Roma/Bologna/Roma, seconda metà di ottobre. È nell'attesa di tornare a Roma che scopro le mille attrattive della stazione petroniana. Sarà il rumore della pioggia battente, ma appena nell'atrio avverto la necessità di raggiungere una toilette. Seguo le indicazioni, la necessità si fa sempre più impellente, entro e mi ritrovo di fronte a un Check Point Charlie: uno sbarramento impedisce l'accesso ai bagni. Le due ante di cristallo fumé si spalancheranno automaticamente solo immettendo nell'apposita macchinetta euro 0,70. Non ho spiccioli, corro a cercare soccorso da un giornalaio che, vedendo le mie movenze da danzatore, intuisce la richiesta. «Vuole cambiare per la toilette, non è vero? Sapesse quanti ne vengono!». Cambia i miei cinque euro in molti spiccioli.
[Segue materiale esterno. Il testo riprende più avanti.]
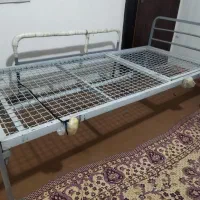 تخت بیمارستانی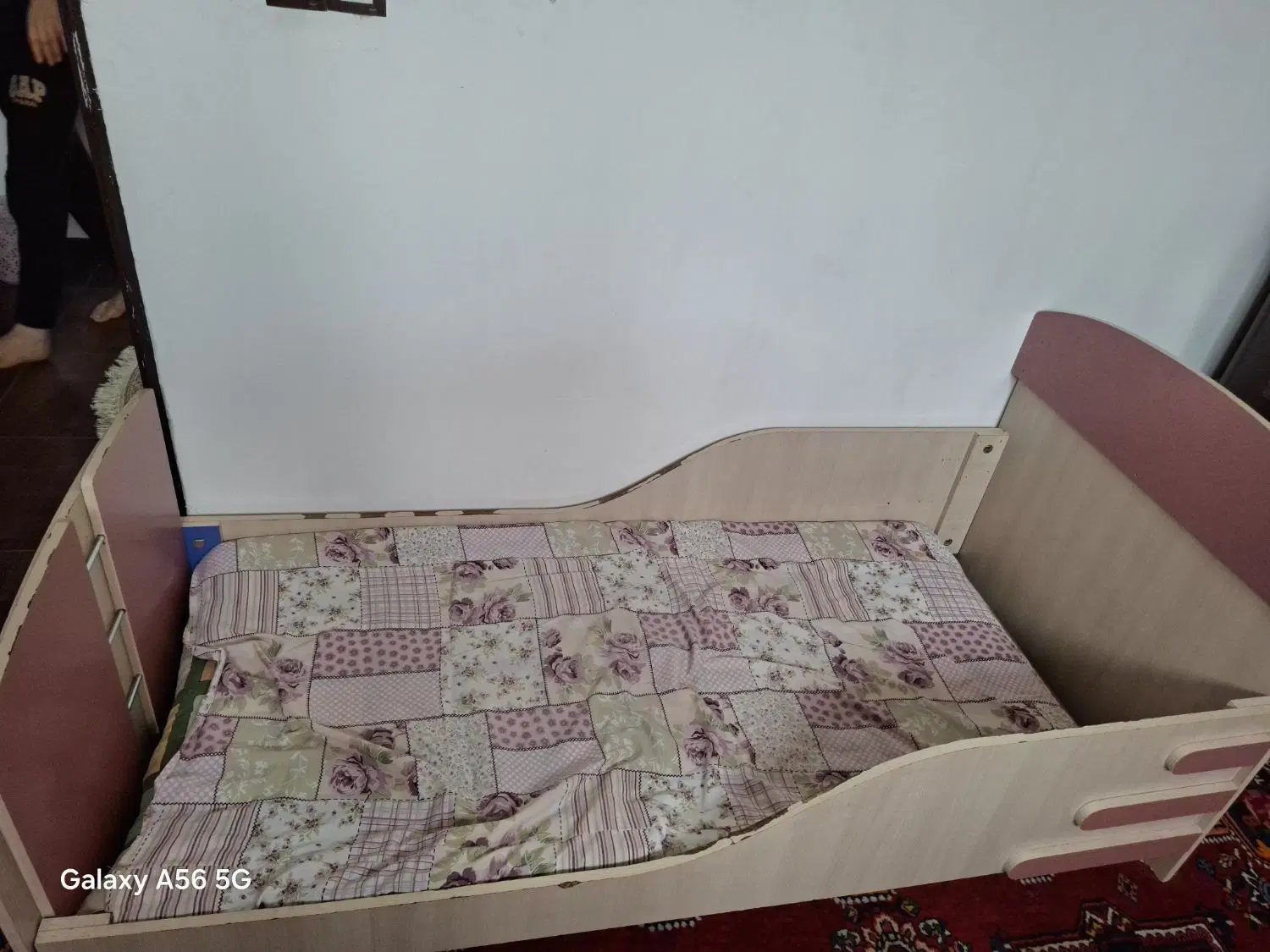 تخت|تخت و صندلی بچه|بروجن, |دیوار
Il perché lo comprendo quando, ormai allo stremo, introduco nella fessura euro 0,70: la macchinetta non dà resto, quindi una modesta pipì può costarti euro uno. Un piccolo furto, considerate anche le condizioni in cui i bagni versano. Identico pedaggio dovrò versare in altre stazioni.
«Quando il sole tornerààààà, e nel sole tu verrai da meeeee!!!!». La voce di Al Bano, ogni trenta secondi, penetra dallo schermo pubblicitario a cristalli liquidi nella mente del viaggiatore: soltanto quella breve strofa, ripetuta fino all'ossessione, per pubblicizzare il servizio internet di una compagnia telefonica. E poi spot di auto, dolciumi, profumi, assicurazioni, deodoranti, regolatori intestinali, a costruire una colonna sonora di insopportabile cacofonia. Dicono le cifre che l'installazione dei maxischermi pubblicitari in 114 stazione italiane ha fruttato alle Ferrovie, nel 2007, oltre cinque milioni di euro. Mi allontano, entro nell'atrio principale per mettermi al riparo dal freddo. Ma serve a poco: dagli ingressi e dalle pensiline un vento gelido entra ed esce. Mi accendo una sigaretta. Subito spenta dal richiamo di un agente della Polfer: qui è vietato fumare. Troverò questo divieto recente e assurdo in ogni atrio ferroviario della penisola dove l'aria (più o meno inquinata) ha ogni agio di circolare. Si può fumare soltanto sulle pensiline e accanto a un posacenere infisso nel muro, guardando i binari lungo i quali giace abitualmente un buon quantitativo di spazzatura. E rassegnandoti a sopportare le urla pubblicitarie degli schermi Lcd.